Alors qu'elles demandaient une réforme de fond visant à maintenir la solvabilité des locataires et une amélioration de la couverture des charges réelles liées à l'habitat, on ne manque pas d'être étonné de découvrir un arrêté en date du 30 avril 2004 relatif au calcul de l'aide personnalisée au logement qui serait justifié non seulement par le coût de traitement des dossiers, mais aussi par le fait qu'il ne touche que 200 000 ménages. Désormais, il ne sera plus procédé au versement de l'APL pour tout montant inférieur à 24 euros.

En revanche, le délai de carence pour qu'une personne au chômage perçoive cette allocation n'a pas été abrogé. Le plan de cohésion sociale ayant pour objet de traiter les phénomènes d'exclusion dans leur globalité, la véritable cohérence n'eût-elle pas été de mettre en adéquation les intentions affichées ?

Le FSL, le fonds de solidarité pour le logement, sera transféré aux départements le 1er janvier 2005. Dans le Pas-de-Calais, peuplé de 1, 5 million d'habitants, le conseil général consacre près de 70 % de son budget de fonctionnement à la solidarité. La mauvaise nouvelle est tombée hier : 36 500 personnes touchent désormais le RMI, soit une progression de 10 % en un seul semestre.

Dans l'acte II de la décentralisation, avait été prévu, en même temps que le transfert de cette charge, le transfert de recettes, sauf que les fonds disponibles en 2004 sont calculés par rapport au nombre de RMIstes de 2002, « plombant d'emblée les finances des départements », comme l'a expliqué Dominique Dupilet, président du conseil général du Pas-de-Calais.

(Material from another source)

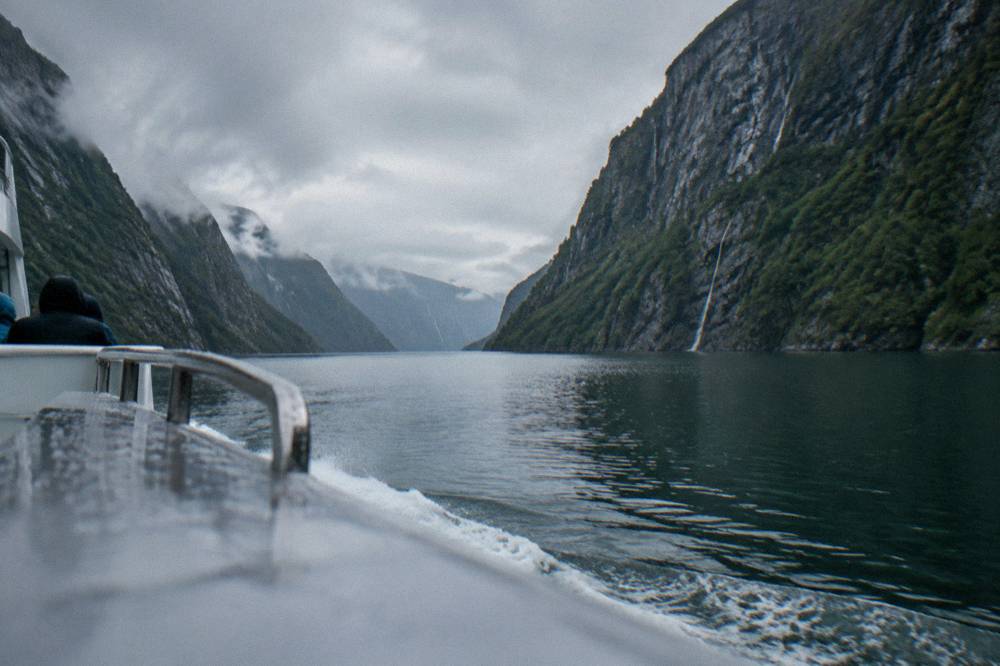 A tour boat cruising a narrow fjord with steep cliffs on both sides near Bergen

Des premières mesures visant à la lutte contre l'insalubrité, au XIXe siècle, aux premières lois de décentralisation, en passant par la loi relative à la lutte contre les exclusions, la loi SRU ou la loi de modernisation sociale, le droit au logement a été reconnu comme un droit social.

Ce projet de loi avait été présenté comme une démarche inédite consistant à traiter ensemble les grands problèmes qui mettent en péril la cohésion de notre pays.

Tout à l'heure, M. Borloo a dit mettre en place les moyens humains financiers et opérationnels. Or, peu d'éléments prouvent ces engagements, et rien ne nous fait penser que la démarche soit inédite. Toutes les lois de gauche que le Gouvernement cherche à supprimer sont là pour prouver le contraire. Il est vrai que, tout à l'heure, il a fait allusion à la seule constitution de 1946.

Si ce projet de loi n'est pas amendé, nous voterons contre, comme l'a déjà indiqué tout à l'heure mon collègue Jean-Pierre Bel.